В работу по созданию литографий с энтузиазмом включил­ся целый коллектив рисовальщиков и граверов. Составите­лем картин был Борис Артемьевич Чориков, сын таможенно­го досмотрщика, получивший образование в Императорской Академии художеств, куда принят был на казенный счет в 1819 г. Еще на студенческой скамье он обратил на себя вни­мание преподавателей рисунками с натуры, которые не раз оценивались серебряными медалями. Окончил Б.А. Чориков академию в 1829 г. В пушкинскую эпоху он был известен сво­ими жанровыми картинами и композициями, выполненными карандашом, сценами из русской истории. За свои работы Чориков был выдвинут Академией художеств на соискание зва­ния академика.

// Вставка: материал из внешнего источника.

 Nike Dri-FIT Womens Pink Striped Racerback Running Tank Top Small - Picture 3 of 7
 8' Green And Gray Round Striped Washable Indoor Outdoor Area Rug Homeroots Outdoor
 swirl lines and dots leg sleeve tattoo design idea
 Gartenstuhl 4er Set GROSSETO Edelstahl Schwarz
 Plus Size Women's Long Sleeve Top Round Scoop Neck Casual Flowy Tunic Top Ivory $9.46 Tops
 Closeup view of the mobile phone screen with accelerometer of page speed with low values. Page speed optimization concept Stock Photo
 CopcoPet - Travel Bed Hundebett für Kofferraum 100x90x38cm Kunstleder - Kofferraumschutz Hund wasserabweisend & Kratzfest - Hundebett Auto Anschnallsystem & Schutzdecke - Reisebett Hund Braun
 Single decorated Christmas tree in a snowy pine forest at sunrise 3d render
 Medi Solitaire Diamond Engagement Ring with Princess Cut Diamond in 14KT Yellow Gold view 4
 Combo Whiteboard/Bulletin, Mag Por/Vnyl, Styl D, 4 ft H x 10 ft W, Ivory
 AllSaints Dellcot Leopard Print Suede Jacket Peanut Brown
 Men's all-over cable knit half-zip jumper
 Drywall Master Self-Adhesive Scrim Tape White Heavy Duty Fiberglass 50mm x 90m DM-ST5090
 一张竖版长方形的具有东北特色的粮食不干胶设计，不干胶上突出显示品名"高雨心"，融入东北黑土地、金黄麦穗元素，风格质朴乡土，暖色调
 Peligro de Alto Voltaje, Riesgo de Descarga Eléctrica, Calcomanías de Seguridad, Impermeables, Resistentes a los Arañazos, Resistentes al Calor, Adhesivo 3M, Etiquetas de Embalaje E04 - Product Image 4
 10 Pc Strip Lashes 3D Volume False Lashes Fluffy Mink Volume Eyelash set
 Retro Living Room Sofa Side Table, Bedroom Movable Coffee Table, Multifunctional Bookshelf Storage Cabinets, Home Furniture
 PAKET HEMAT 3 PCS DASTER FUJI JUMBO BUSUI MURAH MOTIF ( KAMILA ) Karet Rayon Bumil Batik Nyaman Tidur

По рисункам Чорикова сцены «Истории...» Карамзина ожи­ли на литографиях, выполненных П. Ивановым, О. Андерсоном, К. Беггровым, И. Щедровским и П. Разумихиным. Сре­ди этих людей были и маститые академики, и начинающие художники, выходцы из аристократических родов, и дети кре­стьян. В составе авторского коллектива словно отразились внесословные и интернациональные взгляды Карамзина. Чо­риков — сын таможенного досмотрщика, Андерсон — выходец из семьи шведского крестьянина, Иванов — рисовальщик во­енной типографии, Беггров — академик, ученый-литограф при Главном штабе. Каждый из них заслуживает нескольких слов.

Олаус Андерсон был известен как рисовальщик, акваре­лист и литограф. Сын шведского крестьянина, он был удостоен за свои работы звания учителя рисования средних учеб­ных заведений, был участником академических выставок, сре­ди его работ — акварельные портреты Николая I и членов цар­ской семьи.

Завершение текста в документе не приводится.